GoogleChromeLabs / wpp-research

Apache License 2.0
39 stars 5 forks source link

Query to access third-party render-blocking script #30

Open mukeshpanchal27 opened 1 year ago

mukeshpanchal27 commented 1 year ago

For the query use below references:

mukeshpanchal27 commented 1 year ago

Initial draft for the query.

SELECT
  percentile,
  client,
  host,
  APPROX_QUANTILES(requests, 1000)[
OFFSET
  (percentile * 10)] AS num_requests
FROM (
  SELECT
    client,
    page,
  IF
    (NET.HOST(requests.url) IN (
      SELECT
        domain
      FROM
        `httparchive.almanac.third_parties`
      WHERE
        date = '2022-06-01'
        AND category != 'hosting' ), 'third party', 'first party') AS host,
    COUNT(0) AS requests
  FROM
    `httparchive.almanac.requests` AS requests
  JOIN
    `httparchive.pages.2022_06_01_*` AS pages
  ON
    pages.url = requests.page
  WHERE
    date = '2022-06-01'
    AND type = 'script'
    AND JSON_EXTRACT(pages.payload, '$._detected_apps.WordPress') IS NOT NULL
    AND CAST(JSON_EXTRACT( pages.payload, '$._renderBlockingJS') AS INT64) > 0
  GROUP BY
    client,
    page,
    host),
  UNNEST([10, 25, 50, 75, 90, 100]) AS percentile
GROUP BY
  percentile,
  client,
  host
ORDER BY
  client,
  percentile,
  host

cc. @felixarntz

felixarntz commented 1 year ago

@mukeshpanchal27 It looks like this query is based on https://almanac.httparchive.org/en/2022/javascript#requests? Please provide such sources for reference :)

I'm not familiar with the nature of the CMS Almanac-specific tables httparchive.almanac.*, so I'm not sure we can rely on those here. Also, please review the dates, as parts of your query are for October 2022, while others are for June 2022, so that would definitely give us incorrect data.

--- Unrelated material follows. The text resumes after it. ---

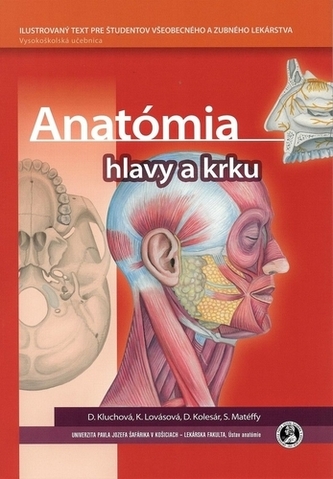 Anatómia hlavy a krku Anatómia hlavy a krku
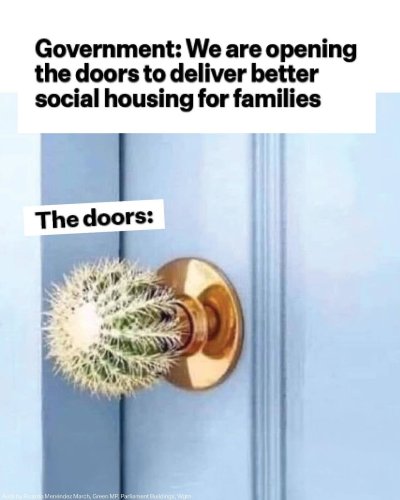 Carousel post from nzgreenparty.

Last but not least, I see you formatted the query via the BigQuery formatter, which generally is good, however it sometimes formats some parts in a weird way, so in such cases we should manually fix this. For example, this is unnecessarily hard to read:

  APPROX_QUANTILES(requests, 1000)[
OFFSET
  (percentile * 10)] AS num_requests

Would be simpler as:

  APPROX_QUANTILES(requests, 1000)[OFFSET(percentile * 10)] AS num_requests

Feel free to make those changes and open a draft pull request. Better to review in there, not in the issue.

mukeshpanchal27 commented 1 year ago

Thanks @felixarntz, for the comment.

The httparchive.almanac.third_parties has data till June 2022, so I have updated my query to use June 2022 data for httparchive.pages.2022_06_01_*

The query format was also corrected.

kt-12 commented 1 year ago

@felixarntz @mukeshpanchal27 there is a slight issue with this approach-

The goal here is to study third-party scripts that are render-blocking. Issue with initial query is:

Eg. Take a site where it has 2 third-party scripts in the footer. The theme's own JS file (call it theme.js) is render-blocking. Then AND CAST(JSON_EXTRACT( pages.payload, '$._renderBlockingJS') AS INT64) > 0 would return true, sub query will return 2 third party, 1 first party. Whereas, the expected output here was 1 first party, 0 third party as none of the 3p were render-blocking.

We can get both the information from the lighthouse report but traversing it is a bit expensive.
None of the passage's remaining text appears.